Back to VMS 4.6/.7. The 11/750 worked well for two weeks after which we felt 
that the upgrade could be done on the first of the two clusters we have. The 
first cluster used consists of six nodes ranging from a 8200 to 8700's and is 
what I call an AC/DC cluster. It's a hetro/homogeneous cluster. Three nodes 
do one thing in combination and three do another. Sometimes. We did the 
upgrade on a Sunday and it finally completed, after a several major and minor 
problems, at noon time on Monday. The major problem was a mass cluster suicide, 
with the informative bugcheck message 'CLUEXIT'. This stands for 'Cluster Exit'
which is EXACTLY what occurred. Sigh...

Anyway, the systems came back up, the bank opened for business, late, and the 
user community proceeded to 'pounce' on the system to make up for lost time. 
Then the fun started. Our systems and network are large, by some standards. On 
most of the systems, we have 60+ printer queues defined in various ways. If 
you are on the cluster, there is one generic queue and two execution queues 
PER printer. This allows for continued printing in the event a system is not 
up.

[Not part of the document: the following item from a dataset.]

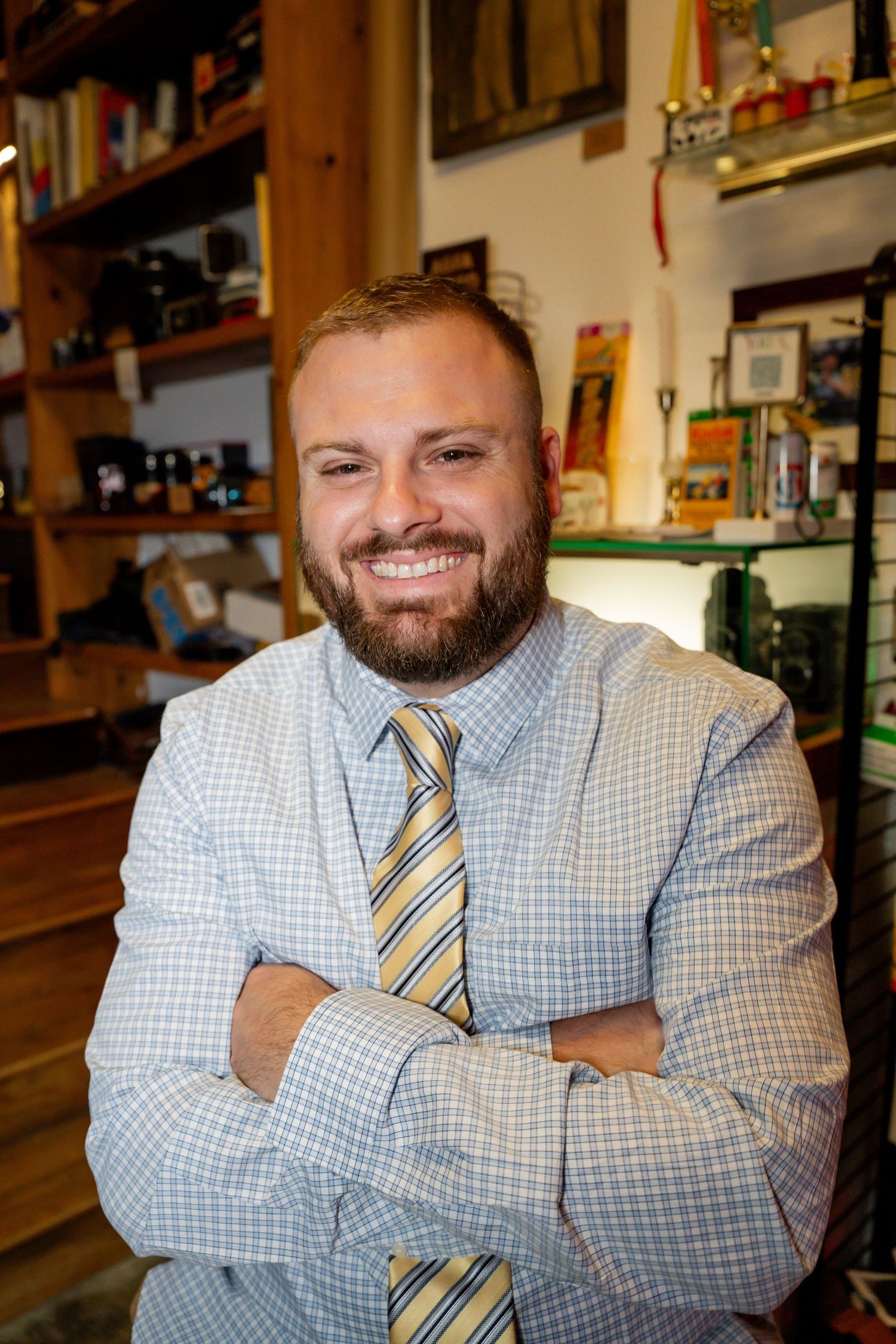 Smiling bearded man in checkered blazer and striped tie poses with arms crossed in a cozy shop filled with shelves.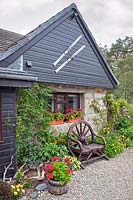 House front with old skis attached. Planting around house includes 
window boxes and oak half barrel with red Pelargoniums, plus bed under window and rustic wooden carriage wheel
 seat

This adds up to 60+ generic queues and 130+ execution queues. Then there 
are the 30+ BATCH queues that are also on the systems. Now multiply this by six 
or seven separate systems and the numbers are LARGE. If you had not guessed, 
queues are a way of life here. The network we have is also a big thing for us 
and consists of T1's, Ethernet, Bridges and 158+ terminal servers ranging from 
DS100's to DS500's.

Well the fastest way to waste a day, is to be in work when the T1's go south. 
From that point on, you are dedicated to STOPping/STARTing queues with the 
/ON qualifier and in some cases deleting jobs, logging terminal server ports 
out and in some worst case events, giving a printer its own processor 
(LATSYM) image to run. This is done on EACH system. Needless to say this is 
time consuming.

Why not use .COM files to automate this procedure for us, I hear you 
asking!! We have, and the problems eliminate the abilities of .COM files. The 
list of problems that we have or had, is the basis for my suggestion that if 
you have lots of LAT printers, maybe 4.6/.7 is NOT for you JUST YET. The 
following is a partial list of the problems we have had on the systems.

1. Aborting of print jobs with a 'Structure Level' error returned from the 
print symbiont.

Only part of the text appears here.